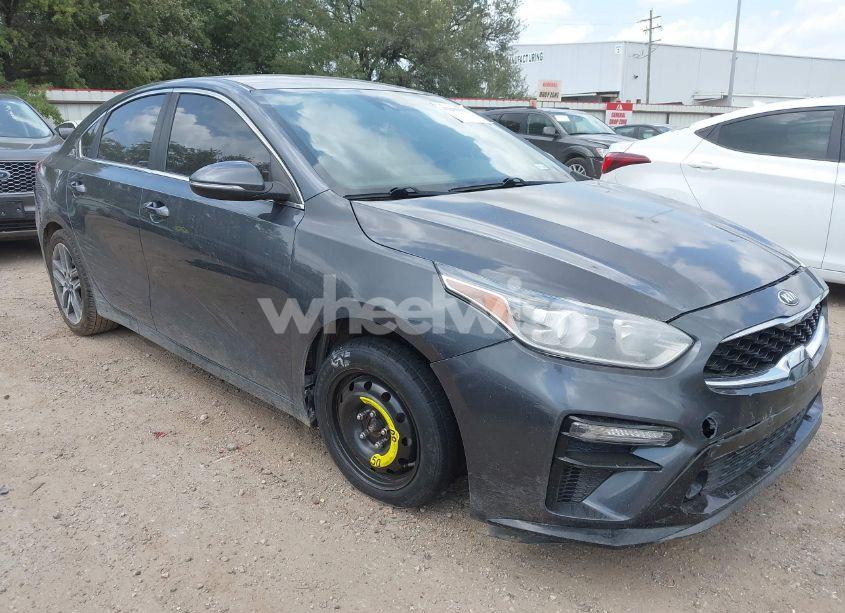 2020 Kia Forte EX (VIN 3KPF54AD8LE182479) main photo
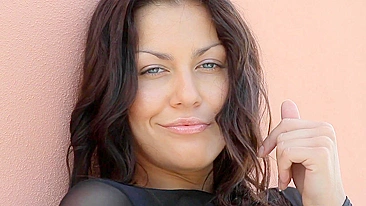 Gata esbelta após boquete safado é fodida ao ar livre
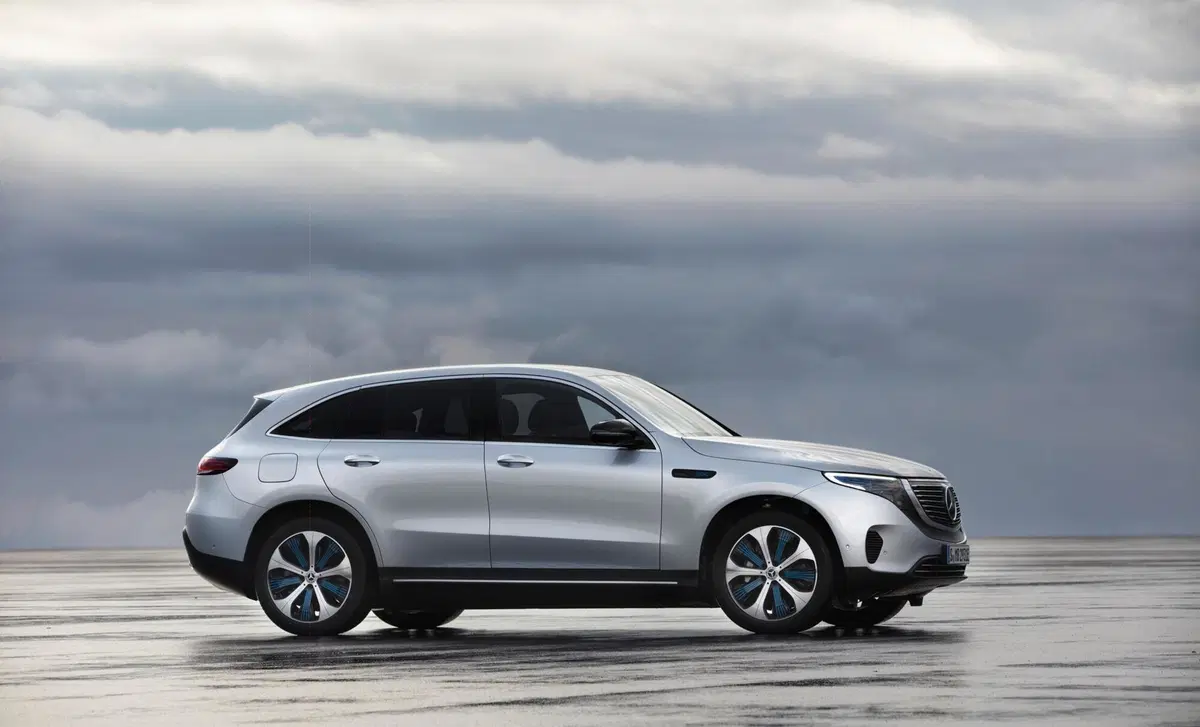 Mercedes-Benz EQC 400 4Matic Premium (7)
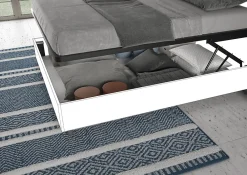 Lit double avec rangement, double relevable, 160x200 cm, bois de frêne blanc, coussins simili cuir gris tourterelle, Egos Antea><noscript><img width=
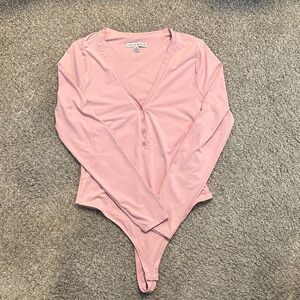 Fashion Nova Blush V-Neck Bodysuit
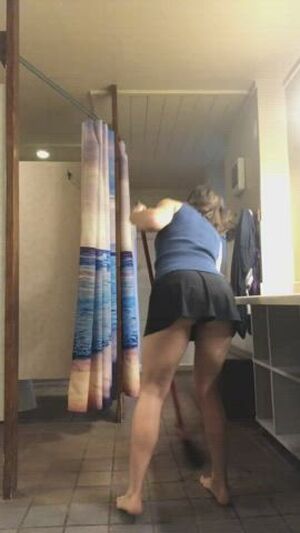 Absolutely got caught by a customer at the end. Oh well. 🤷🏻‍♀️ [GIF]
========================================
| Task description |
Everything in the records above should come back word for word, except the pictures.

| Written response |
 2020 Kia Forte EX (VIN 3KPF54AD8LE182479) main photo
 Gata esbelta após boquete safado é fodida ao ar livre
 Mercedes-Benz EQC 400 4Matic Premium (7)
 Lit double avec rangement, double relevable, 160x200 cm, bois de frêne blanc, coussins simili cuir gris tourterelle, Egos Antea><noscript><img width=
 Fashion Nova Blush V-Neck Bodysuit
 Absolutely got caught by a customer at the end. Oh well. 🤷🏻‍♀️ [GIF]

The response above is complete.